1.) In addition to the Super Stock rule above:
2.) Any Armature shall be legal with a minimum 3 ohm, measured from pole to pole.
3.) Any readily available Ceramic motor magnets and Polymer Traction magnet not above normal gauss readings.
4.) May use ball bearings for motor only

**Any other modifications not specified will not be allowed**


SuperStock Car Class Rules

1.) Cars eligible to compete include the Wizzard P1-2-3 Scorpion and Storm, Slottech Panther, Thundercat, BSRT G3 & G3R, Tyco 440X2 and DecosmoT+
2.) The motor and traction magnets shall be stock and made of ceramic magnet material and must be readily available.
3.) Armatures shall be stock or stock replacement, narrow gap and be a minimum of 5.8 ohms. Armatures may be epoxied, balanced and have the commutators trued.
4.)All electrical system parts shall be stock or stock replacement.
5.) The chassis shall be stock and cannot be modified in anyway except:

a. Add body mounts
b. The chassis may be drilled to retain the rear axle.
c. Reinforce and/or replace the pickup shoe tabs
d. Add Adjustable brush tension

6.) The axles, gears, gear spacers, guide pin,motor bushings (not ball bearings), tires, and wheels shall be stock or stock replacement. Gears can be lightened and axle spacers may be used to aid with gear mesh.
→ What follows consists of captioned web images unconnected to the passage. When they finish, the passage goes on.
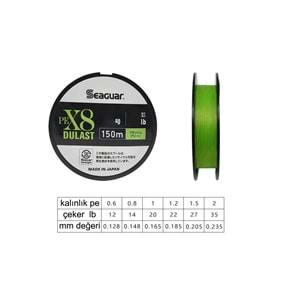 Seaguar Dulast PE 8 Örgü Spin İpi 150mt- Flash Green - PE 1.2 - 0.185MM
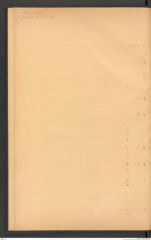 k.k. naturhistorisches Hofmuseum, Protokollbuch Intendanzakten 1898, Seite 4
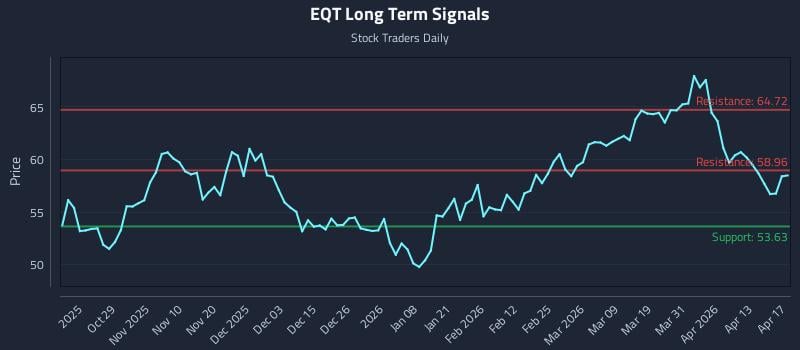 EQT Long Term Analysis for April 18 2026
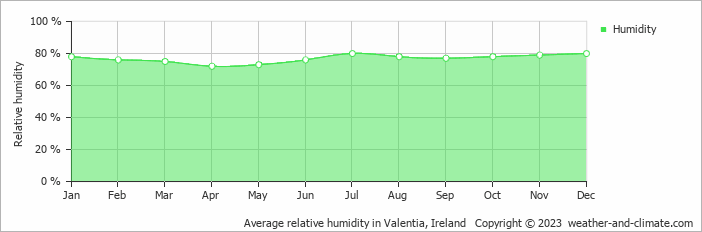 Average relative humidity in Valentia, Ireland   Copyright © 2023  weather-and-climate.com  
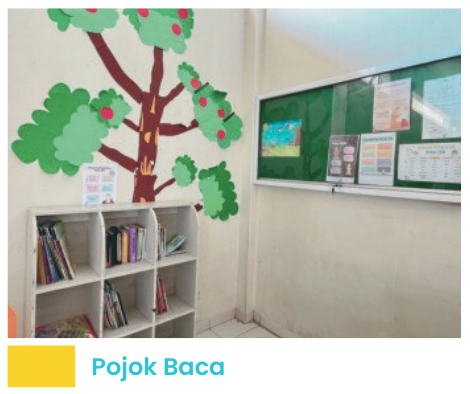 Pojok Baca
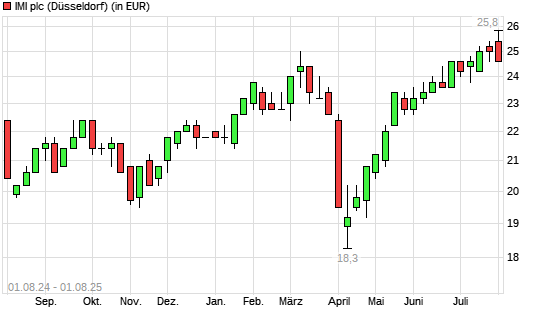 IMI-Aktie mit neuem All-Time-High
All parts must be readily available.
7.) Any readily available rear tires are permitted.
8.) Vacuum formed bodies must be used provided they meet all general rules.
9.) The guide pin maybe glued in place.
10.) Glues and adhesives are not allowed on the chassis or bulkheads except for attaching body mounts.
11.) Any readily available front bumper may be used.

**Any other modifications not specified will not be allowed**


If it does not say you can do it, you CAN'T!!!


----------



## GoodwrenchIntim (Feb 22, 2005)

if you have the money a slottech thundercat 1 or 2(he has prebuilts) would be your best bet, to build your tyco, contact slottech.com an get the parts to build your car


----------



## mking (Apr 25, 2000)

*G3R vs Slottech*

Hi

I race BSRT stuff here in the PNW. Ive never seen G3, Wiz and Slot techs run together, but ive heard the G3 platform does ok at HOPRA. if you need help with a G3 SS or modified let me know.


----------



## gear buster (Dec 1, 2005)

I run alot of wizzard items when I raced and had my own slot shop. Could help on the wizzard side of things if needed. I still have some parts and a few built cars sitting around..


----------



## hrnts69 (Apr 12, 2007)

I just bought a BSRT G3 from Gene. Anybody have any setup tips for this car? Ill be racing it on a MaxxTrax.


----------



## AfxToo (Aug 29, 2003)

Getting the right setup on this class of car is all about have the right parts in your box to be prepared to make the adjustments you need once you understand what the track has to offer and what kind of challenges it presents. There is no "one size fits all" setup, you need to be prepared to get the setup dialed in for the specific race and track conditions, the car's abilities, and your driving abilities. Experience and familiarity with different tracks are great assets but take time to develop. When you're starting out the best bet is to come in with an expectation that you have a lot to learn, that it will take some investment in your time and experience, tons of practice, some money to acquire parts, etc., but armed with that willingness to learn and pay your dues you'll find your fellow racers will be more than happy to help bring you along.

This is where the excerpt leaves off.